We investigated complex damped modes in beams in the presence of a viscoelastic layer sandwiched between two elastic layers. The problem was solved using two approaches, (1) Rayleigh beam theory and analyzed using the Ritz method, and (2) by using 2D plane stress elasticity based finite-element method. The damping in the layers was modeled using the complex modulus. Simply-supported, cantilever, and viscously supported boundary conditions were considered in this study. Simple trigonometric functions were used as admissible functions in the Ritz method. The key idea behind sandwich structure is to increase damping in a beam as affected by the presence of a highly-damped core layer vibrating mainly in shear. Different assumptions are utilized in the literature, to model shear deformation in the core layer. In this manuscript, we used FEM without any kinematic assumptions for the transverse shear in both the core and elastic layers. Moreover, numerical examples were studied, where the base and constraining layers were also damped.

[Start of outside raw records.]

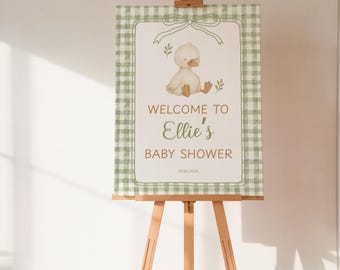 Modello modificabile per cartello di benvenuto per baby shower a forma di oca, cartello per baby shower neutro rispetto al genere, cartello stampabile con cosparsione di oca verde a quadretti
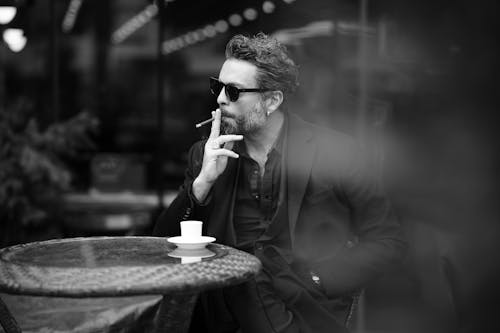 Grayscale Photo of a Man in Black Suit Wearing Sunglasses while Smoking Cigarette
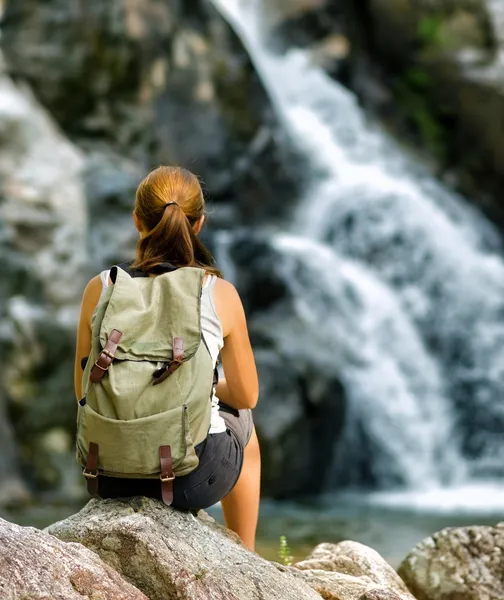 Vrouwelijke wandelaar kijken naar waterval — Stockfoto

The loss factor was calculated by modal strain energy method, and by solving a complex eigenvalue problem. The efficiency of the modal strain energy method was tested for different loss factors in the core layer. Complex mode shapes of the beam were also examined in the study, and a comparison was made between viscoelastically and viscously damped structures. The numerical results were compared with those available in the literature, and the results were found to be satisfactory.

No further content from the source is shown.